At first glance down state Route 196 in Skull Valley, it seems wide open and empty. You know what? It is. That is one of the main attractions to this place, I believe.

Skull Valley is a vast expanse of empty land where the sky seems impossibly large and the sunrise gives a golden kiss to the peaks of the Cedar Mountains through breaks in the Stansbury Mountains each morning.

Similarly, the Stansbury Mountains and Skull Valley’s flat plain are turned all kinds of colors from orange to pink to purple, and then various shades of blue each evening as the sun sets. In this unsettled area each night, the first lantern in the sky is Venus, which shines brightly above the Cedar Mountains. Afterward, the rest of the planetarium lights up, and the billions of stars that embody the Milky Way are on full display.

These amazing occurrences play out day after day, night after night, in Skull Valley. There are many interesting places to explore, enjoy solitude and ponder in this strange place that is full of echoes. Starting at the north end of the valley, just about a mile down state Route 196, is a small salt playa on the right hand side of the road. If you are blasting down the valley at 70 mph, you’ll never notice the place. But if you slow down and pull off on one of the few “two track” roads that heads west through the brush, you’ll see it.

The most interesting thing about this spot is it’s flat as a board and white as snow. When I took my daughter there, she was amazed and ran for literally a half mile on the strange surface. There you feel really small. When you stand in the middle of this salt flat and look east toward the Stansbury Range, the ancient beach line or watermark of Lake Bonneville is plainly seen below the jagged cliffs.

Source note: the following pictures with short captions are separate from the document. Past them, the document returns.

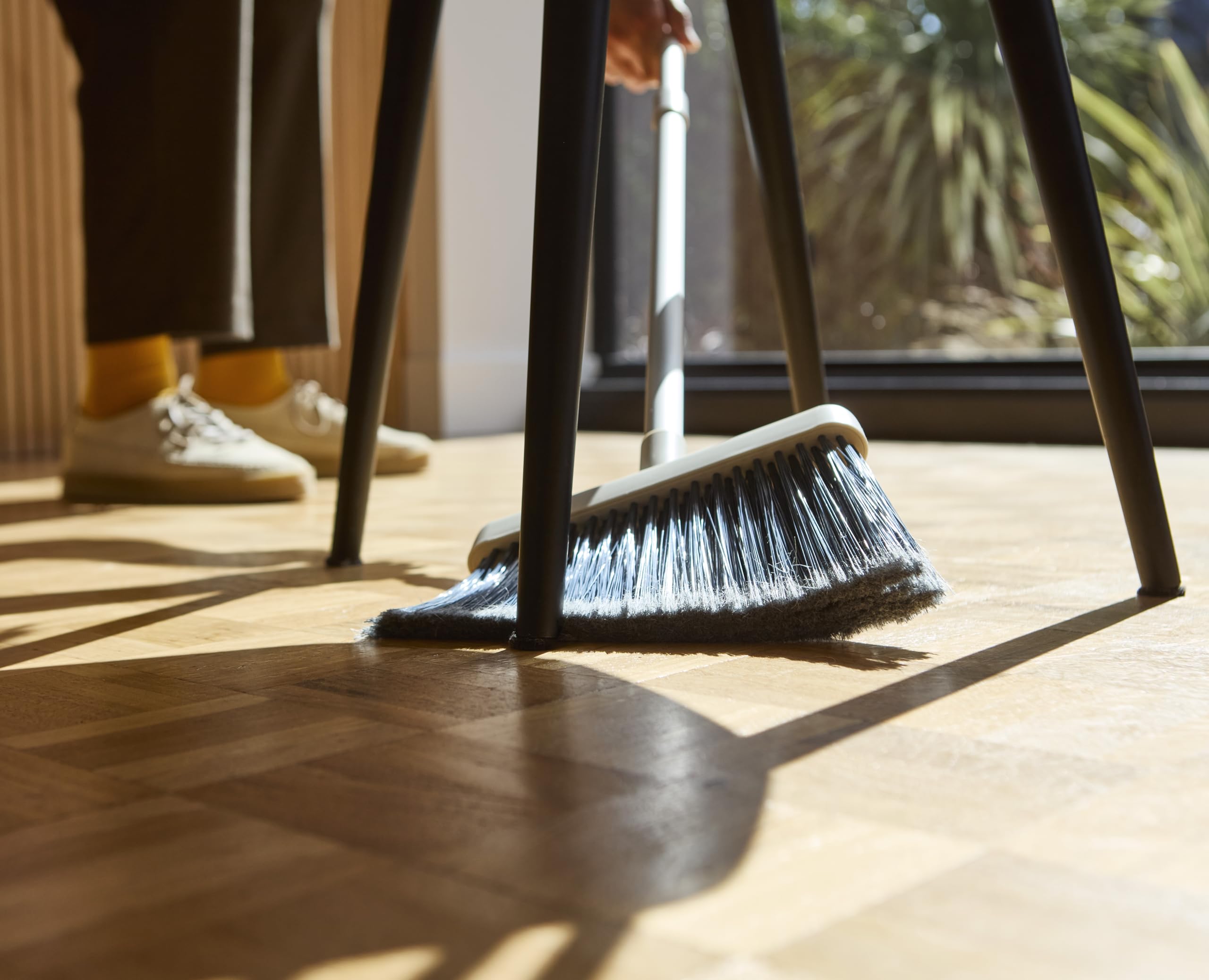 joseph-joseph-cleantech-wandmontierter-besen-mit-langem-verstellbarem-stiel-bese image 7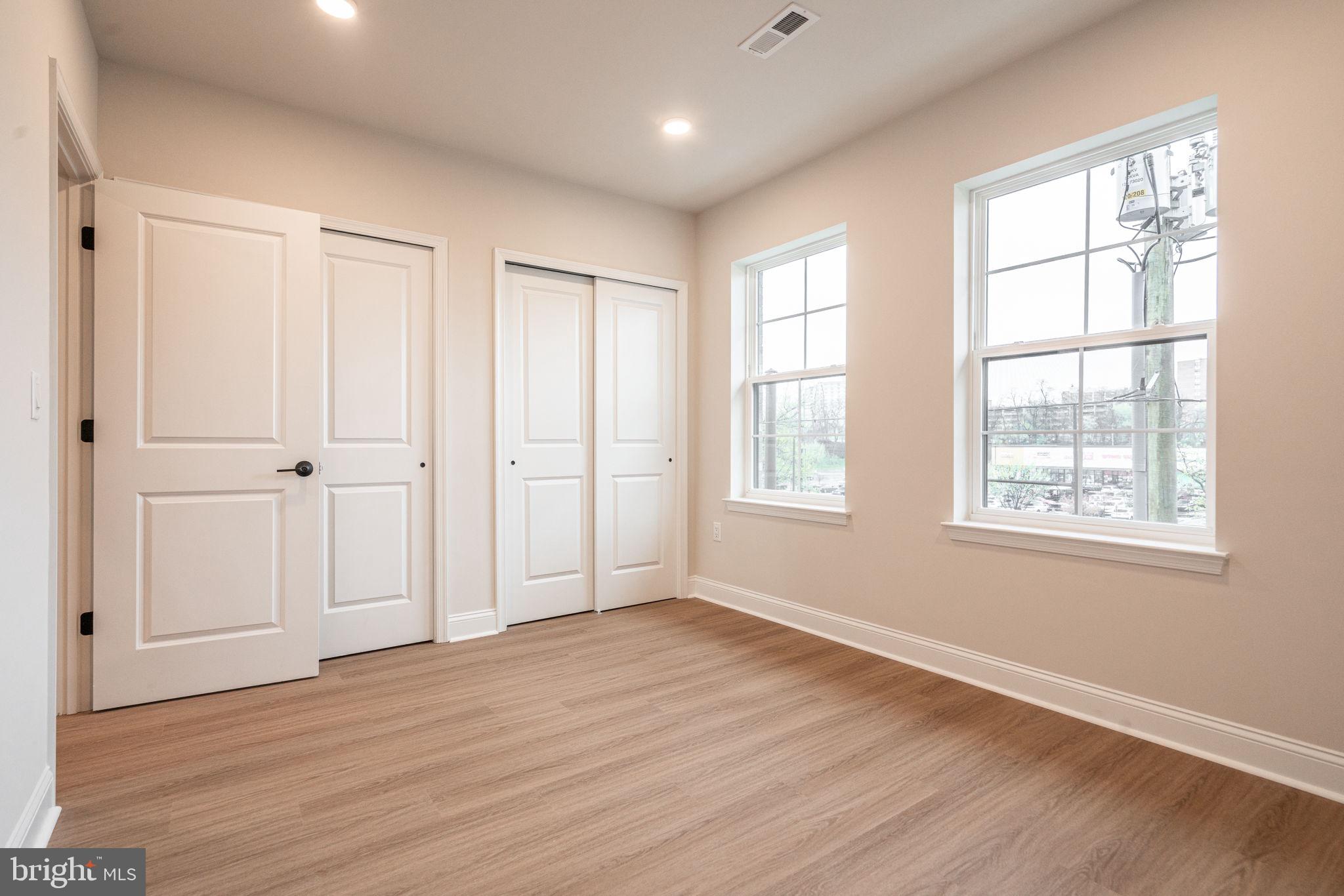 WYNNEFIELD HEIGHTS - Residential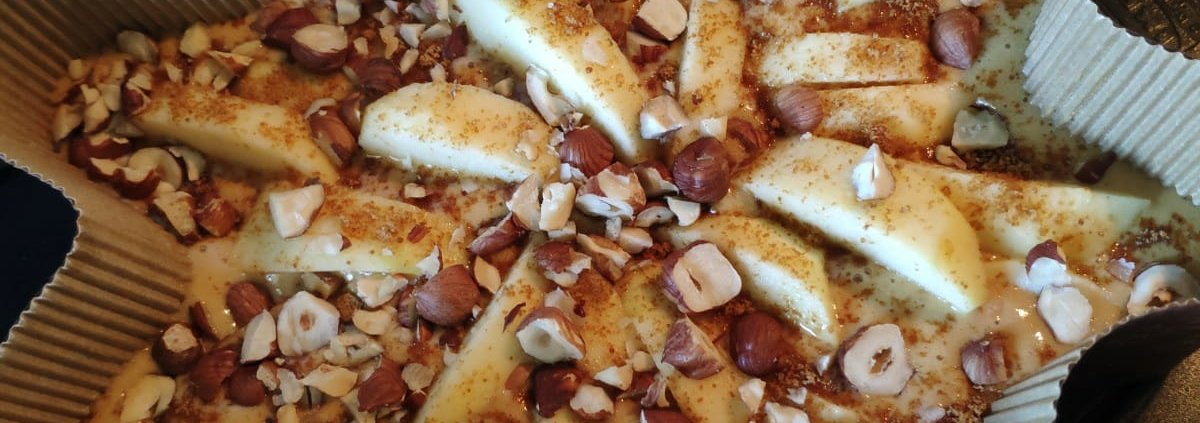 Torta di mele con nocciole, senza glutine e senza lattosio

To the south another point of interest rises from the plain to a height of several hundred feet and is named “Lone Rock.”

The salt plain itself is quite different than anything you may have experienced. It is smooth and solid in some areas; in others it is cracked and dry caked like mud. Surfaces that were solid and held your weight a few steps distant now fail under your weight, exposing you to the displeasure of soft, squishy and even stinky clay.

On a few occasions when I have stepped into this stuff, my shoe was left behind when I pulled my foot up. It’s kind of a rotten feeling when that occurs and retrieving the shoe can be a chore. Think of how hard it was for the Donner-Reed Party to extract their livestock and wagons out of muck like this in 1846.

For the better part of the year, the hard pan is unsuitable for foot or vehicle traffic. It is either saturated to the point it will bear no weight or there is actually several inches to a foot of standing water on it. These are the conditions that led Langsford Hastings to detour his “Cut-Off” clear to the vicinity of Iosepa to find firm ground upon which to cross.

One thing you will surely encounter in the valley is cattle. For 162 years since John Quincy Knowlton homesteaded in Skull Valley, it has been open range for livestock. Back in the early days 1850s, life here was rough. Quincy, as he was known to family and associates, came to the valley because he was looking for good winter range for his stock. He found a decent spring in 1852 and built a cabin there.

One day when he was out working the range, his wife noticed a band of Indians approaching their cabin. She quickly grabbed her baby and went out the other side of the cabin and hid in the rushes around the spring.

The Indians entered the cabin and made a mess of the place, looking for whiskey and food. According to local historian Orrin P. Miller, they found neither and became angry and burned the cabin to the ground and set fire to all the grass around the cabin and spring. This is how “Burnt Spring” supposedly earned its name.

Burnt Spring is now on private property and is inaccessible. Even if it were, like so many places in Skull Valley, its appearance would never suggest all of the interesting things that occurred there. It is just a small trickle of water and some tall grass.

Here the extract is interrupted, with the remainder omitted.